▶ EXERCISE GOAL
The required answer is the data below, restated word for word with images omitted.

((

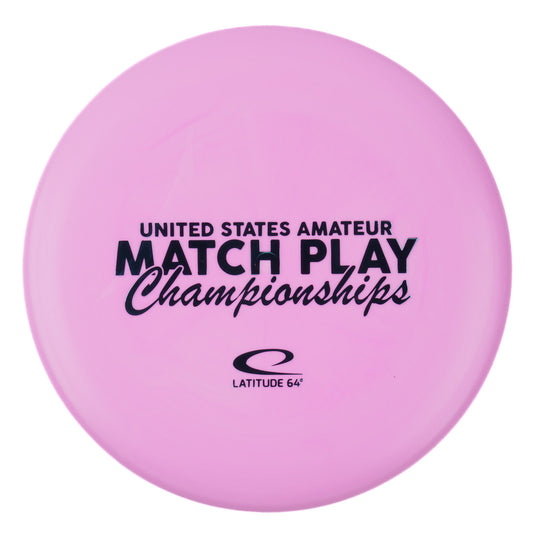 Latitude 64 Keystone - Match Play Stamp Eco Zero 172g | Style 0001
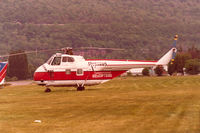 N73893 - Robars Int'l Helicopters - by Henk Geerlings
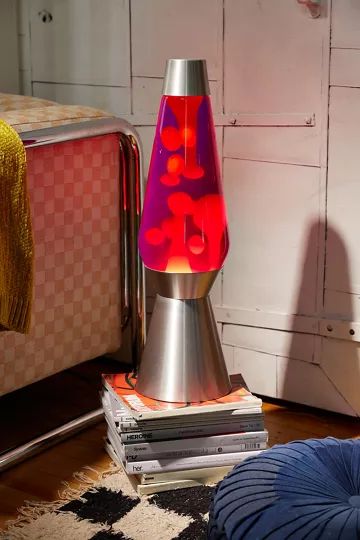Extra Large Lava Lamp | Urban Outfitters (US and RoW)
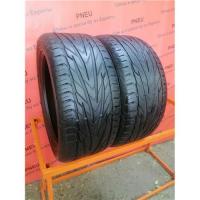 Шины бу 275/40 R18 Uniroyal Rain Sport 1 с износом 30%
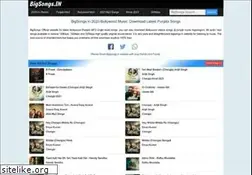 Sites similar to bigsongs.in
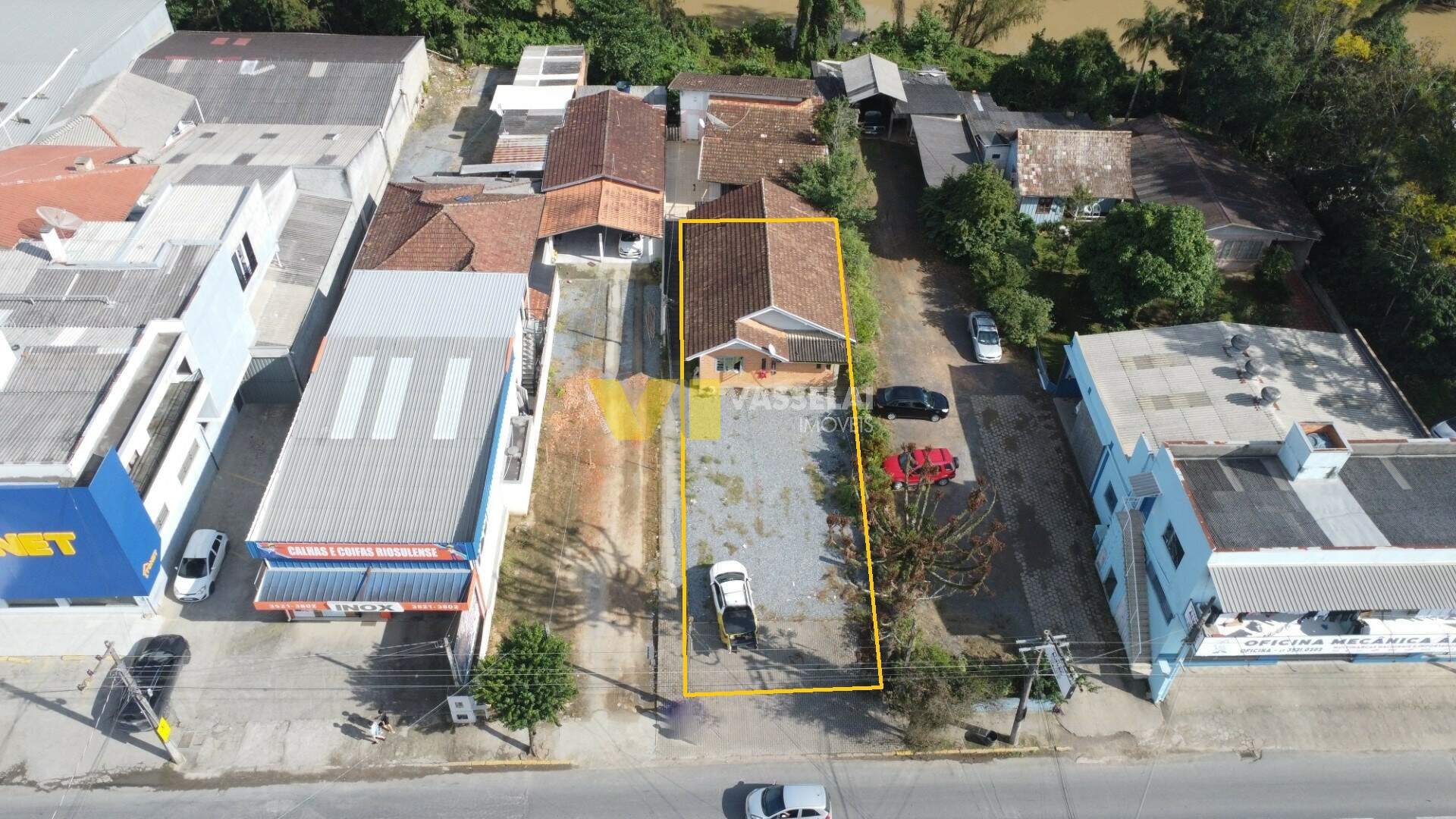 Casa à venda no Laranjeiras: DJI_0369.JPG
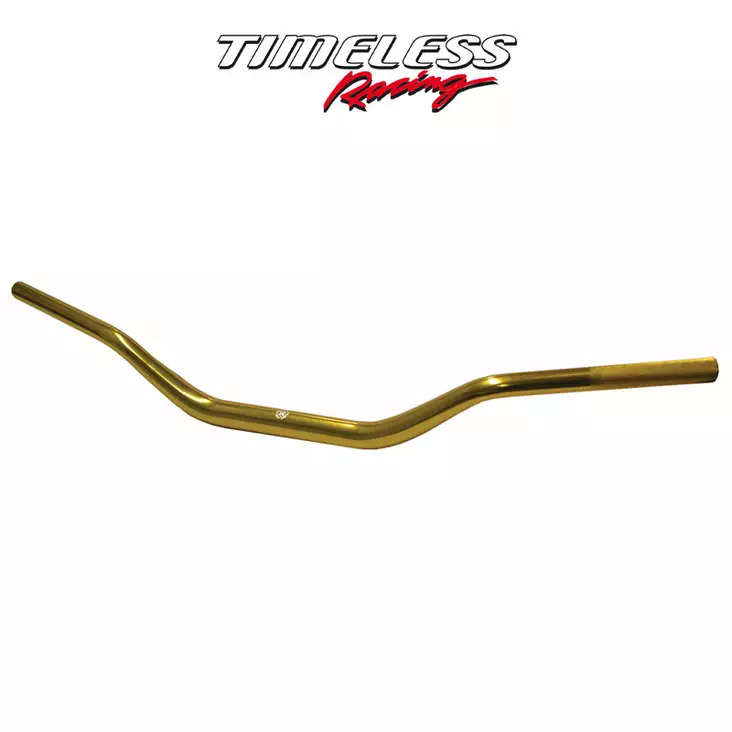 Timeless Styre, Fat Bar, Enduro, Guld, A - Styrartiklar - D456203 - 1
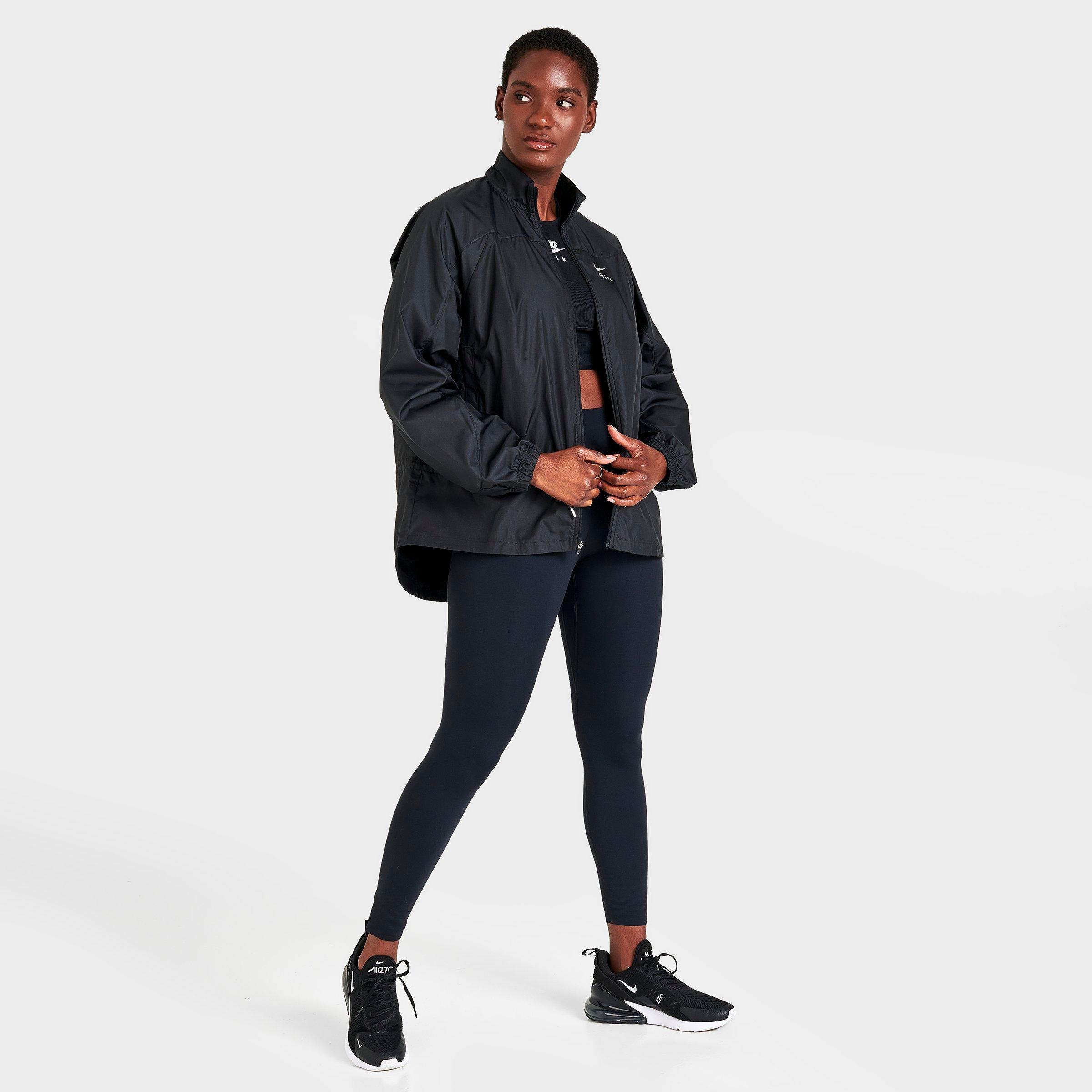 jd sports running jacket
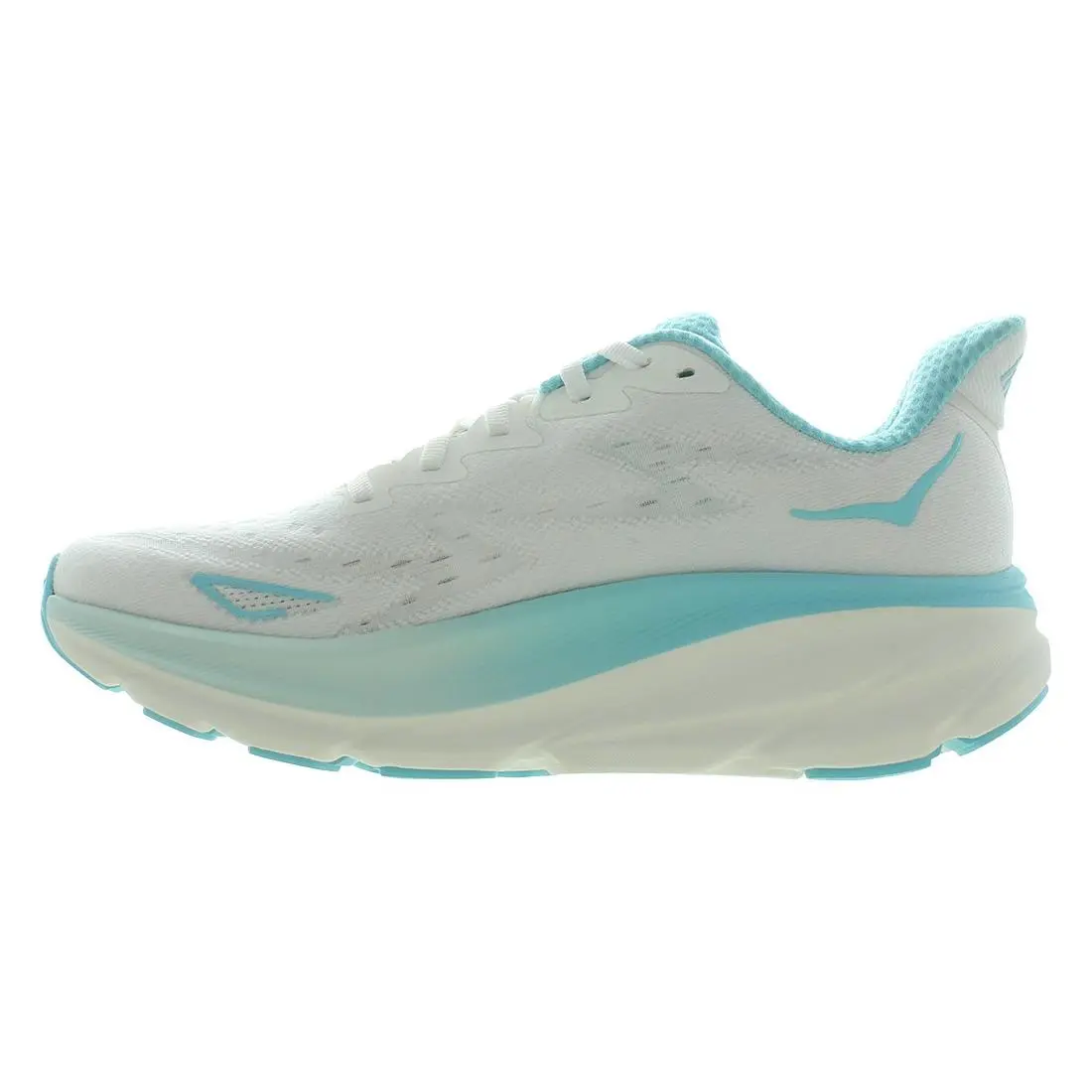 Hoka shoes - Frost/Rose Gold, Full: Frost/Rose Gold 4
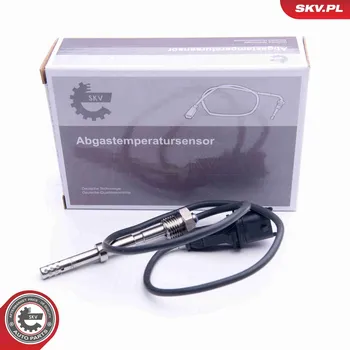 Čidlo automobilu Čidlo, teplota výfukových plynů ESEN SKV 30SKV193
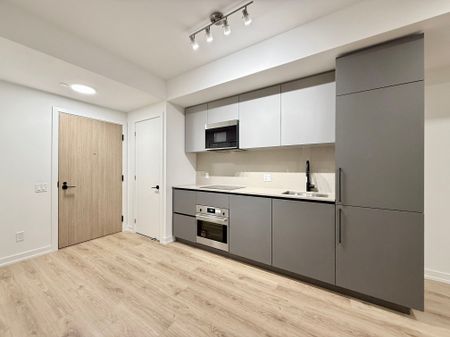 For Lease - 35 Parliament Street Unit# 315, Toronto, Ontario - Photo 2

))

▶ RESPONSE BELOW
 Latitude 64 Keystone - Match Play Stamp Eco Zero 172g | Style 0001
 N73893 - Robars Int'l Helicopters - by Henk Geerlings
Extra Large Lava Lamp | Urban Outfitters (US and RoW)
 Шины бу 275/40 R18 Uniroyal Rain Sport 1 с износом 30%
 Sites similar to bigsongs.in
 Casa à venda no Laranjeiras: DJI_0369.JPG
 Timeless Styre, Fat Bar, Enduro, Guld, A - Styrartiklar - D456203 - 1
 jd sports running jacket
 Hoka shoes - Frost/Rose Gold, Full: Frost/Rose Gold 4
 Čidlo automobilu Čidlo, teplota výfukových plynů ESEN SKV 30SKV193
 For Lease - 35 Parliament Street Unit# 315, Toronto, Ontario - Photo 2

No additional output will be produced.